Consumers need to be aware that taking their vehicle to an independent service provider (ISP) while it is still under warranty may result in some segments of that warranty being voided, should the work, or the part(s) fitted, not be up to standard, cautions National Automobile Dealers’ Association (NADA) chairperson Mark Dommisse.
NADA represents more than 1 400 franchise dealers nationwide. The Automotive Aftermarket Guidelines, which were issued by the Competition Commission last year, come into effect on July 1.
The overarching goal of the guidelines is to provide improved opportunity for black-owned and small and medium-sized enterprises to undertake service, maintenance and repair work on vehicles – including during the period covered by a warranty. Dommisse says NADA worked with the Competition Commission to draft the guidelines, and continues to support their implementation. However, he notes that it is important for consumers, franchise dealers and ISPs to be aware of their rights and responsibilities, especially as there has been some miscommunication about the guidelines.
Dommisse says it is important to first understand what an ISP is: an independent workshop not aligned to an authorised original-equipment manufacturer (OEM, or vehicle manufacturer, such as Toyota.) “There is no such thing as an authorised ISP – that is a dealership.” Until now, ISPs have been prohibited from working on in-warranty vehicles, notes Dommisse. However, as from July, consumers have the option to take their in-warranty vehicle to an ISP for service or repair work. (Later, as the guidelines are gradually phased in, authorised workshop-only entities will probably come into existence, where the owner is aligned to a brand, but without the huge capital outlay required to also be a dealer.
For now, however, these do not exist, says Dommisse, which leaves consumers with a choice between an ISP and a dealer to look after their vehicles.) When making use of an ISP, consumers need to be aware of the possible consequences.
“ISPs do not have master technicians, who have specialist knowledge about the brand, and they are also unlikely to use OEM-approved parts, as is the case at dealerships.

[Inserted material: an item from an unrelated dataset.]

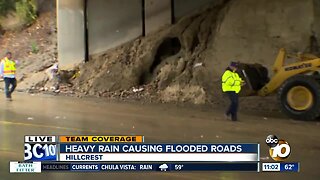 Mud slides on 163 exit in Hillcrest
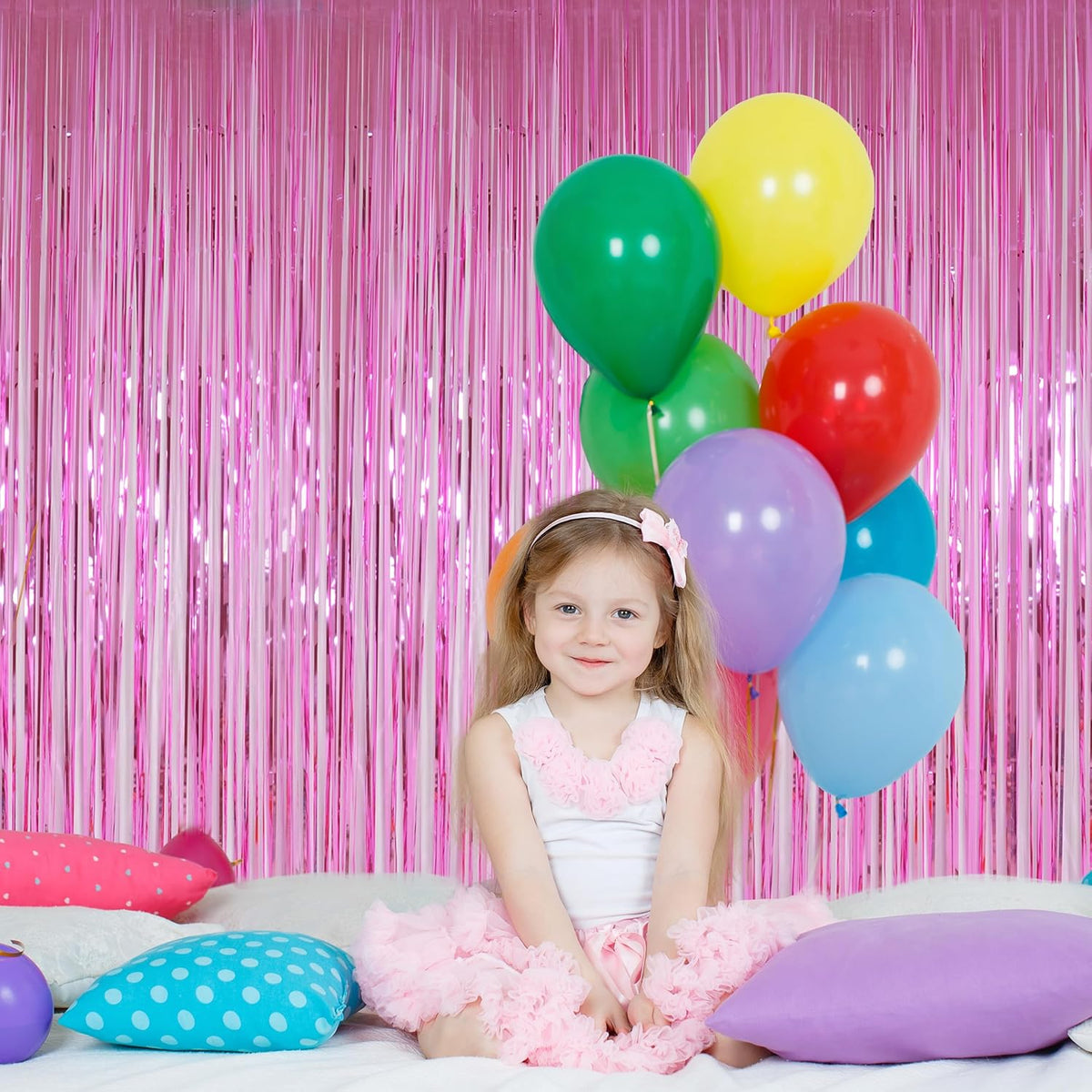 Pink Foil Fringe Curtains Tinsel Backdrop, Melsan 3.2 x 8 ft Metallic Tinsel Curtains Party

This means that, while consumers have the right to use an ISP, any damage to the vehicle as a result of the work done, or because of non-original parts fitted during the warranty period, could see segments of the warranty, or the entire warranty, voided, with any disputes to be handled by the ombudsman,” explains Dommisse. “These are very important risks we need to highlight to the public. You can’t take your vehicle anywhere and not lose your warranty. It’s simply not true.”
Consumers also need to know that they will have to pay the ISP for all work done while the vehicle still has a dealership service plan, or if it is under warranty, whereas they would not necessarily have to do so at a franchise dealership.
Also important to note is that while service plans will be unbundled from the vehicle price tag from July onwards, in accordance with the Competition Commission guidelines, this will not be the case with warranties. The warranty comes with the vehicle – “the manufacturer decides on that”, says Dommisse.
He adds that this fact does not necessarily give dealerships an unfair advantage when it comes to the aftermarket, as in-warranty vehicles constitute only 20% of the South African car parc.
Stick to dealerships
Making use of an ISP only makes sense for some vehicle owners, argues Dommisse, such as an e-hailing driver clocking up 100 000 km each year. However, should a vehicle owner typically drive 15 000 km to 20 000 km a year, selling the vehicle at 100 000 km, that vehicle will have a higher resale value if serviced by a dealership, than if serviced by an ISP. “That is a fact of life.”
Dealership networks also have a nationwide reach that can provide all types of services and warranty work. “We are also good at complying with the Consumer Act,” says Dommisse. “We are accountable to an international brand. “We have excellent facilities and the best trained staff, including master technicians. “The right of recourse is also stronger in a franchise environment than in a non-franchise environment.” That said, however, NADA does expect some shift away from dealerships to ISPs come July 1, with the market to move “into equilibrium eventually”.